● Required work: Copy out all lines of the material below in which "clear" occurs.

● Recorded data:

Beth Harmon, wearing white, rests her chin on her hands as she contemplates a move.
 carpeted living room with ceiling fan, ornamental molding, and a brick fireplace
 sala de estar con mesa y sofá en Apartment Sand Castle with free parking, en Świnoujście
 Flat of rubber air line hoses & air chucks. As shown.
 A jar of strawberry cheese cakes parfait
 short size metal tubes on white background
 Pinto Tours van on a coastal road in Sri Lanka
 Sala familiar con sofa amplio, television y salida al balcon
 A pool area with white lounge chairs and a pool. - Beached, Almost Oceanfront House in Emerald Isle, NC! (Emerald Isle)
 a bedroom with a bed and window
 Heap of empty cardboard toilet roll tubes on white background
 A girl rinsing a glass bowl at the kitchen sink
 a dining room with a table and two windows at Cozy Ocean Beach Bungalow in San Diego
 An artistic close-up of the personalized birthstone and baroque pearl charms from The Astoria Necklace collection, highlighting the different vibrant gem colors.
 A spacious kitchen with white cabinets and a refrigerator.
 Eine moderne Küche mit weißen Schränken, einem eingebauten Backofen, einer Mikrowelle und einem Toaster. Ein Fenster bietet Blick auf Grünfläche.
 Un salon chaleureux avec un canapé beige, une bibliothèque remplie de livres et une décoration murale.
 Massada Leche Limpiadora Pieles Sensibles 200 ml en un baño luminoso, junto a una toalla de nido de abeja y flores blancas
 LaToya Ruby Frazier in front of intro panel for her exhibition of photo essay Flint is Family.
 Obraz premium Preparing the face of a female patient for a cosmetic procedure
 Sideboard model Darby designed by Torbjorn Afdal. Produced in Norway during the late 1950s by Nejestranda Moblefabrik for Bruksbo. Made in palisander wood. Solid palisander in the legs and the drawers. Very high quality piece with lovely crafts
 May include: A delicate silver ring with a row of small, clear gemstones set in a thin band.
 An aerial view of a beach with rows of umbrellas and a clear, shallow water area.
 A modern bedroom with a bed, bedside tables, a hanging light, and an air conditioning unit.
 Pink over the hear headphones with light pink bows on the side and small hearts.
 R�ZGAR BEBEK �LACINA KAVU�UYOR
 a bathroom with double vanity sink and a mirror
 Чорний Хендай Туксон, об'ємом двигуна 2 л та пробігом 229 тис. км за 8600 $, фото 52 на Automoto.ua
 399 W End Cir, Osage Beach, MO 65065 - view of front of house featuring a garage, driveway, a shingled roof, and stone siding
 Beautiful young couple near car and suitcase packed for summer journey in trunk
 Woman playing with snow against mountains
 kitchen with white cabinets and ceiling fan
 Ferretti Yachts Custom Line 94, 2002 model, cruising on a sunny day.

● Response area:
 May include: A delicate silver ring with a row of small, clear gemstones set in a thin band.
 An aerial view of a beach with rows of umbrellas and a clear, shallow water area.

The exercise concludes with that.